Abstract
Regression models are commonly used to model the associations between a set of features and an observed outcome, for purposes such as prediction, finding associations, and determining causal relationships. However, interpreting the outputs of these models can be challenging, especially in complex models with many features and nonlinear interactions. Current methods for explaining regression models include simplification, visual, counterfactual, example-based, and attribute-based approaches.
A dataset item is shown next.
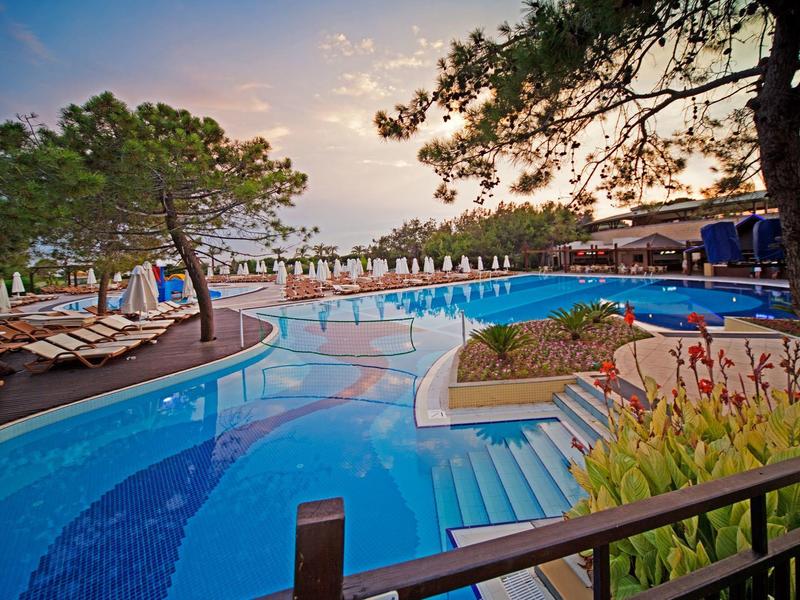 Inviting outdoor pool with sun loungers and plants at sunset.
Furthermore, these methods often provide only a global or local explanation. In this paper, we propose a hybrid multilevel explanation (Hybrid Multilevel Explanation - HuMiE) method that enhances example-based explanations for regression models. In addition to a set of instances capable of representing the learned model, the HuMiE method provides a complete understanding of why an output is obtained by explaining the reasons in terms of attribute importance and expected values in similar instances. This approach also provides intermediate explanations between global and local explanations by grouping semantically similar instances during the explanation process. The proposed method offers a new possibility of understanding complex models and proved to be able to find examples statistically equal to or better than the main competing methods and to provide a coherent explanation with the context of the explained model.
This work was supported by FAPEMIG (through the grant no. CEX-PPM-00098-17), MPMG (through the project Analytical Capabilities), CNPq (through the grant no. 310833/2019-1), CAPES, MCTIC/RNP (through the grant no. 51119) and IFMG - Campus Sabará.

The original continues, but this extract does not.